--- Provided material Enclosed Below ---

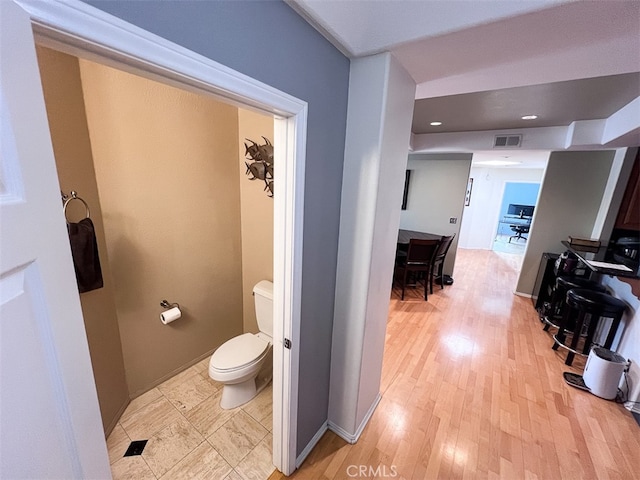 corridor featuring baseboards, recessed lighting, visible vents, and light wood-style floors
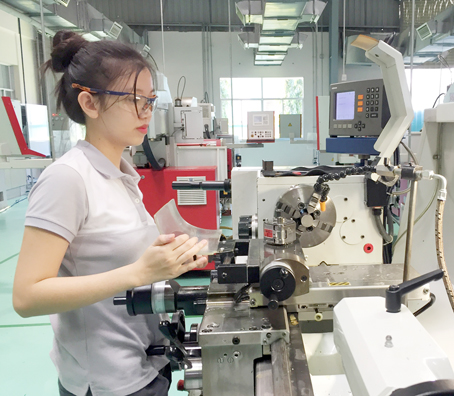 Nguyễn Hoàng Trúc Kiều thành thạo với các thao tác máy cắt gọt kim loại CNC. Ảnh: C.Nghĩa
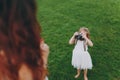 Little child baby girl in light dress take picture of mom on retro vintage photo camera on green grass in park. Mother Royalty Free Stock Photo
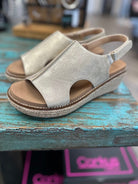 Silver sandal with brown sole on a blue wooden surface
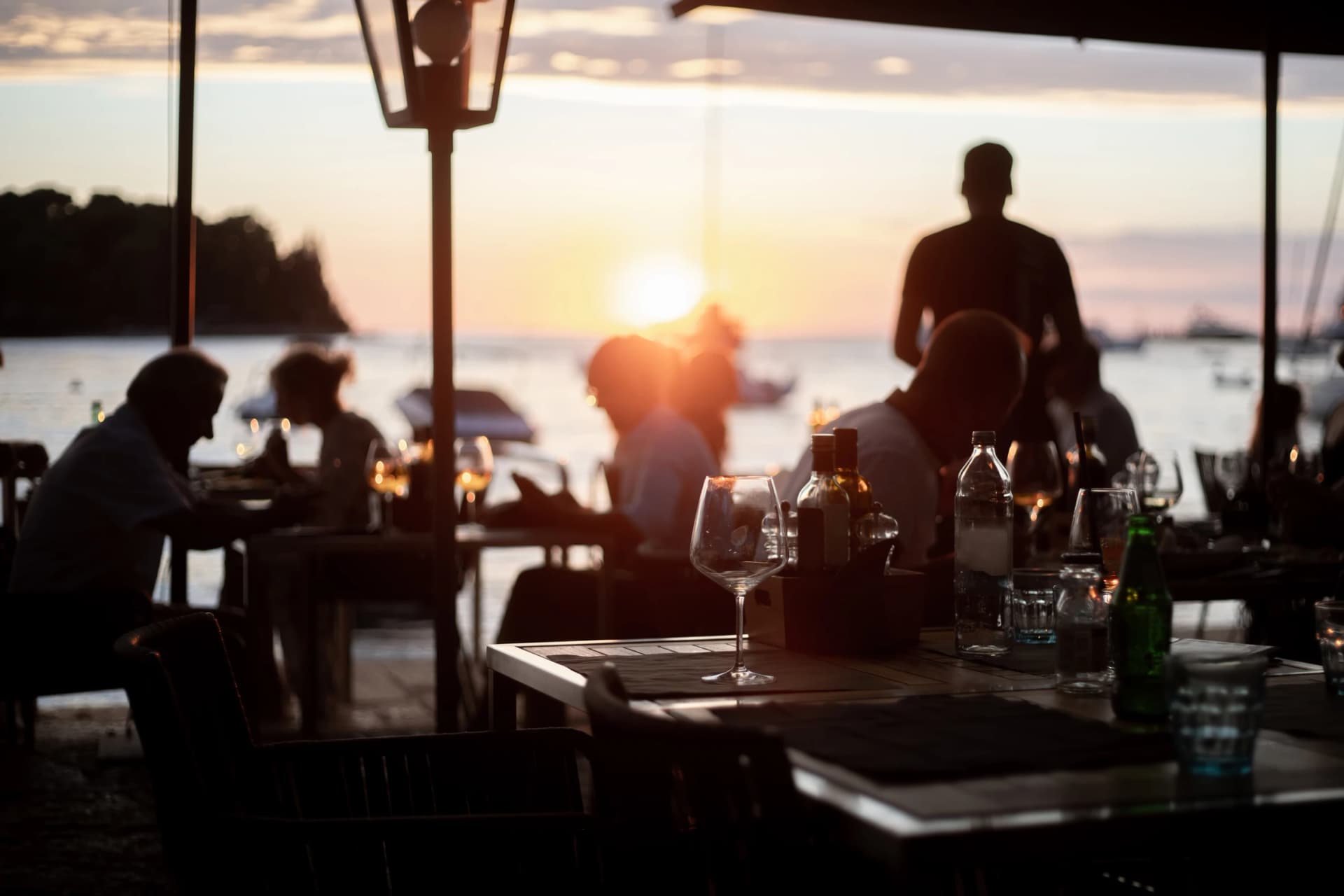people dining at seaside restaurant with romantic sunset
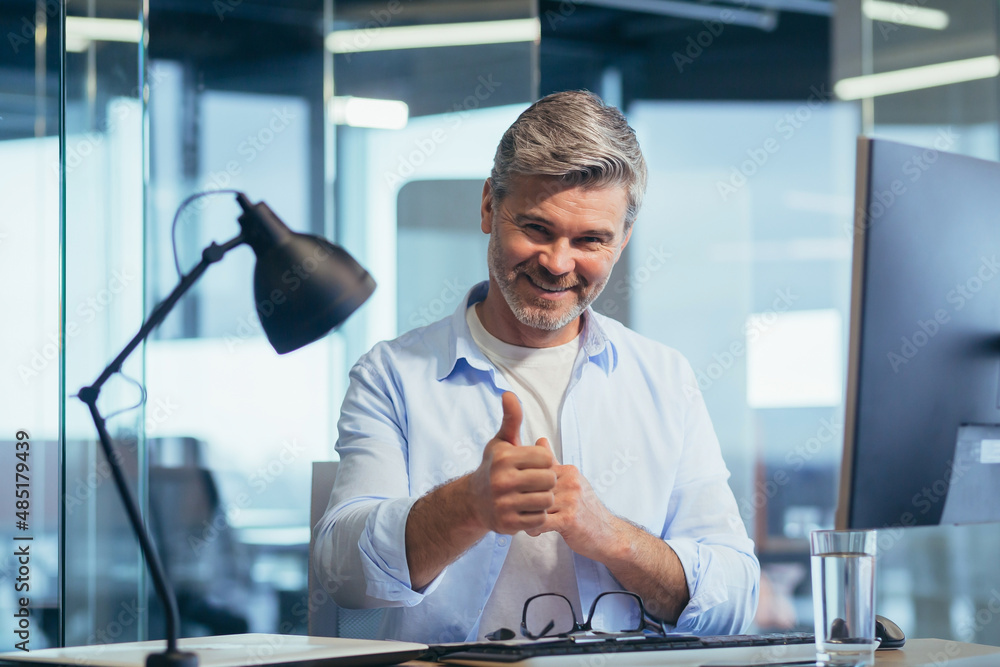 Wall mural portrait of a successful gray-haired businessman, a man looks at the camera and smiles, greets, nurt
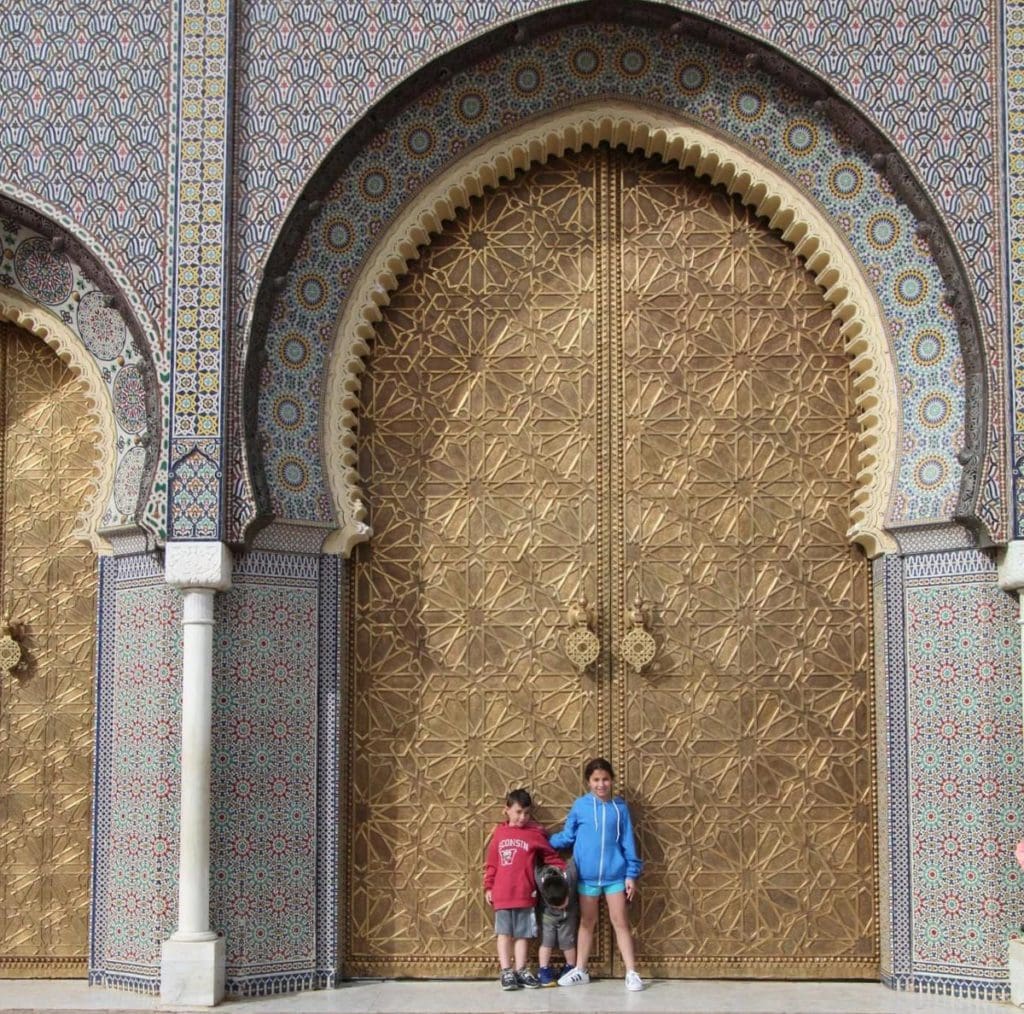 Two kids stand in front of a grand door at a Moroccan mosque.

--- End of Enclosed Provided material ---

**Work instruction**
Skipping any images, write out all the data exactly.

**Solution**
 corridor featuring baseboards, recessed lighting, visible vents, and light wood-style floors
 Nguyễn Hoàng Trúc Kiều thành thạo với các thao tác máy cắt gọt kim loại CNC. Ảnh: C.Nghĩa
 Little child baby girl in light dress take picture of mom on retro vintage photo camera on green grass in park. Mother Royalty Free Stock Photo
 Silver sandal with brown sole on a blue wooden surface
people dining at seaside restaurant with romantic sunset
 Wall mural portrait of a successful gray-haired businessman, a man looks at the camera and smiles, greets, nurt
 Two kids stand in front of a grand door at a Moroccan mosque.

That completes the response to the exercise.